The signal degradation, antennae insulation (fire hazard), RF interference, Bio hazard concerns are all noted. I think allot of these can be mitigated by a thoughtful installation and attention to when the antennae is utilized (wife out shopping; kids at school; tx power as you mentioned). But I am talking myself into what I want.

My predicament is I do not want to make this into a major hobby as I have enough of those already. The radio would be for emergencies and occasional use to familiarize myself with it (I say that now). So I really do not want to get into a properly bonded ground system so I can string up permanent external antennas all of which I don't want to see anyhow.

Although an option, I'd prefer not to have to put up temporary (field expedient) antennas outside every time I decide to switch on the radio.
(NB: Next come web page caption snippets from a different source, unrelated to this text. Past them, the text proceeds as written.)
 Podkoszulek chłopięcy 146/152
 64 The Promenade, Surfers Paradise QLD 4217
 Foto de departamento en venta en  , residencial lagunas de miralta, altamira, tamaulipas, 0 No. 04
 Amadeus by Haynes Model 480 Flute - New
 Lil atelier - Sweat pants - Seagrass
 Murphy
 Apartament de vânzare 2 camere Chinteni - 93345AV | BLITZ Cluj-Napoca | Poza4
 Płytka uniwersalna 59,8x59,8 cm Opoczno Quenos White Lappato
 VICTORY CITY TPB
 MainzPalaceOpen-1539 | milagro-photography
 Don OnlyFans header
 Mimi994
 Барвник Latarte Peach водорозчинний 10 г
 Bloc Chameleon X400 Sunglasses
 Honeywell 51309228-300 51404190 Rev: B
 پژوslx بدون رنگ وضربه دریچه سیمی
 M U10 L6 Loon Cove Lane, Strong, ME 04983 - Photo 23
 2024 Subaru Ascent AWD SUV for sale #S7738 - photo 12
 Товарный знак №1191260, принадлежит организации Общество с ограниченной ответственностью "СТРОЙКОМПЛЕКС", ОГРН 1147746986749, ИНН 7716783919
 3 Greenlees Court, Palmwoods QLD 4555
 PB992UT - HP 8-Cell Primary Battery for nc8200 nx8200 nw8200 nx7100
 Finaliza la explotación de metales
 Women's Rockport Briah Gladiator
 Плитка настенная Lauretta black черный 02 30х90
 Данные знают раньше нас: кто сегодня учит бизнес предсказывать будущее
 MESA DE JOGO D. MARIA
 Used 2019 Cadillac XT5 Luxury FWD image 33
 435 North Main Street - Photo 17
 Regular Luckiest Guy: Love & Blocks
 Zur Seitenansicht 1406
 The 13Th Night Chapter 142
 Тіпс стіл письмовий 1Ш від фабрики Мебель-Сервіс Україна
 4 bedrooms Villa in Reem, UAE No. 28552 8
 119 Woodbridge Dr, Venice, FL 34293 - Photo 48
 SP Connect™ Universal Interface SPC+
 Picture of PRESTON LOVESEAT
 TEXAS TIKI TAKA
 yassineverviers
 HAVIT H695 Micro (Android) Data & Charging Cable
But I if that is the best option considering, and I can only use it on fair weather days, then that is what I'll have to work with.

D@mn.. this is allot of work.. but I think still a better, cover all bases, SHTF comms option than even a Sat phone

Edited: For Grammar
Link Posted: 7/21/2008 1:05:39 PM EDT
[Last Edit: 7/21/2008 1:11:19 PM EDT by Gamma762]
You're not likely to either attract or repel lightning with anything that you do around your house. If you imagine a 150 foot diameter ball rolling around the skyline above your house and general area, anything that the ball touches (treetops, house roof, power lines, antennas or towers, etc) is subject to a direct lightning strike. High conductivity things like metal antenna towers might seem to be a huge "lightning rod" that would attract lightning but in practice the difference is not that large. A CG lightning strike travels thousands of feet through air to reach the ground and typically goes wherever it wants based on ground conductivity and other factors. Personally I've seen direct strikes to an open field just a couple hundred yards from a 500 foot high broadcast tower with an extensive ground system - if anything would be a "lightning rod" that would be it.

The indirect effects you mention are another source of concern and one of the biggest reasons why your attic antenna doesn't really make that much difference especially with an HF antenna. Lightning generates both a localized magnetic field pulse as well as a radio frequency pulse (short range EMP) which is rich in radio frequencies from medium wave (AM broadcast) up to about 100MHz if memory serves - which will be intercepted and converted to electrical current by your HF antenna (since that's what an antenna does) creating the potential for damage to your radios and other household items from any nearby strikes.

The only way to protect the equipment is to divert that energy somewhere that has the capacity to absorb that kind of energy quickly enough, and where it doesn't cause harm (ie, a lightning protection grounding system). Putting more distance between the antennas and the equipment helps as it gives the ground system time to dissipate the energy before it reaches the equipment.

You can have some good functional HF antennas with not a lot of "environmental impact" as far as the looks of your home and yard, especially if you have a reasonable supply of trees. Also, becoming a good HF operator is something that takes a little experience, it's not just a turn-on-the-radio-and-talk operation, so you want something that you can use more often.
Link Posted: 7/21/2008 5:35:57 PM EDT
Just my experience here and yours may vary but I have an 20m/40m shortened dipole strung up flat in the attic of my house and a 2m/70cm Arrow open stub jpole also in the attic. The only problem I have had with RF is my PC speakers need to be OFF or else I get a nice dath vader effect :-) other than that I have been able to work southern Brasil, Hawaii and all over the CONUS with 100W. try it out, use common sense and have fun.

Link Posted: 7/21/2008 6:06:53 PM EDT
I had a couple Arrow solid element yagi antennas along with a Arrow J-Pole antenna in my attic at my last place. They both worked extremely well. I was able to hit repeaters up in the mountains 100 miles away with ease. I highly recommend their antennas and Al is a great guy to deal with.